▶ _Dataset records_
--- START ---
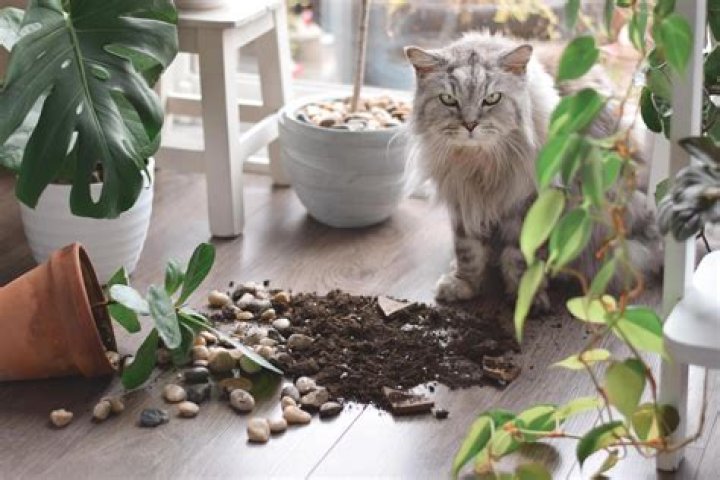 What outdoor plants keep cats away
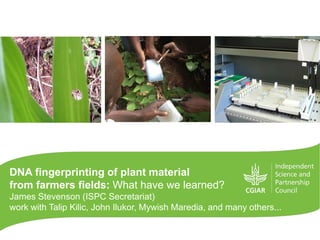 DNA fingerprinting of plant material
from farmers fields: What have we learned?
James Stevenson (ISPC Secretariat)
work with Talip Kilic, John Ilukor, Mywish Maredia, and many others...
--- END ---
▶ _Work request_
Your answer is all of the records restated word for word, pictures excluded.

▶ _Exercise response_
 What outdoor plants keep cats away
 DNA fingerprinting of plant material
from farmers fields: What have we learned?
James Stevenson (ISPC Secretariat)
work with Talip Kilic, John Ilukor, Mywish Maredia, and many others...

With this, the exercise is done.